Feet on the Street

Career Resources, Information and News

Is College Worth It?

Posted by Lori on February 24, 2010

Is going to college really worth it? Probably so, but it’s not that clear cut, and economics have been arguing the point for 30 years. Most studies tend to show that college-educated people end up making far more money in the course of their lifetimes. (The niggle: Usually, it’s not worth paying for a private university.)

Oh my! This is not what we really want to hear. As parents, we want to know that the financial investment we make in our children will be returned to them ten-fold. Adults returning to college hope for the same return on their investment. It’s good to think the all efforts will be rewarded, but the truth is that some will come up short. In his article, Infographic of the Day: Is College Really Worth It? , Cliff Kuang gives us some amazing factoids.

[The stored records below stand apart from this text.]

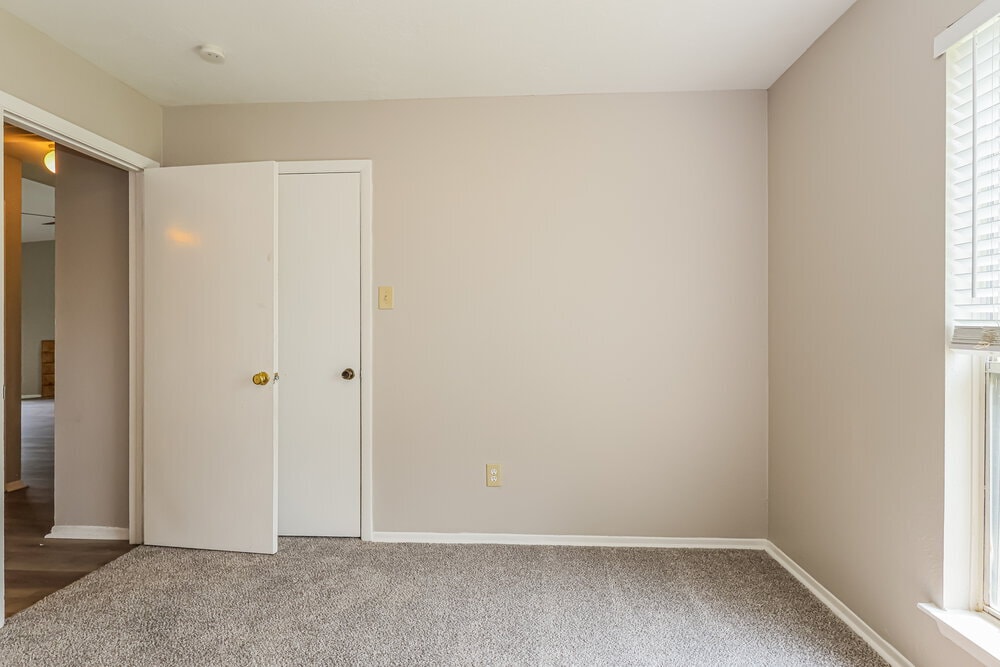 Building Photo - 12627 Day Hollow Ln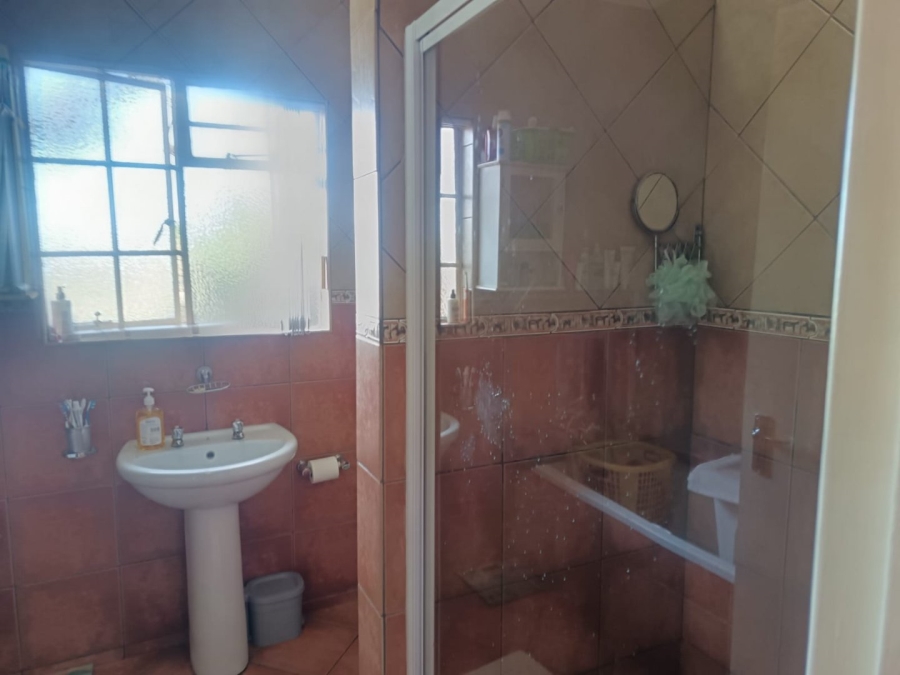 2 Bedroom Property for Sale in Rhodesdene Northern Cape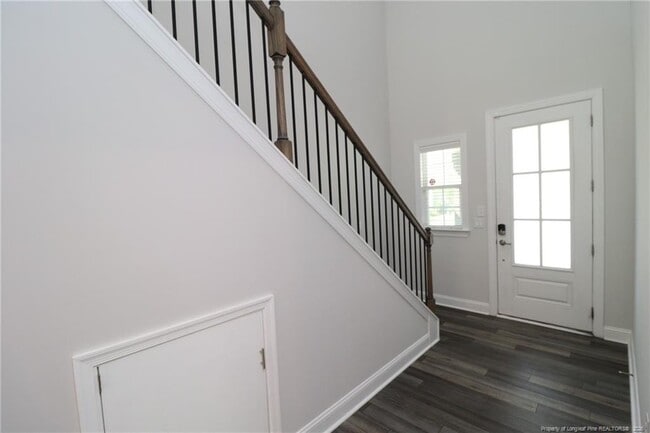 Building Photo - 2936 Baronial St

  • Every year, more than 2 million high school students enroll in college. After the first year, 1 out of 3 will drop out. Collectively wasting $9 billion every year.
  • The most expensive college after room and board is Sarah Lawrence College in Bronxville, New York. It costs approximately $149/day, $54,410/year. Take that times a 4 year degree and you have invested $217,640. For that much money, you could buy a Ferrari!
  • Compare the tuition, room and board at Yale, an Ivy League College, to an in-state university and you will invest an additional $27,500/year at Yale. With that investment, you could expect to earn approximately $56,000/year. You could expect to earn about $49,600 with your in-state university education. If you chunk out all of the numbers, it will take you 17 years to make up the difference in tuition.

We will re-visit this information from time-to-time and see what other conclusions we can draw from the data. What is your plan for college? Will you go directly from high school to work, or will you go to a technical college, or university? Make sure you compare the data on the cost of the tuition with realistic earning capacity before signing your enrollment form.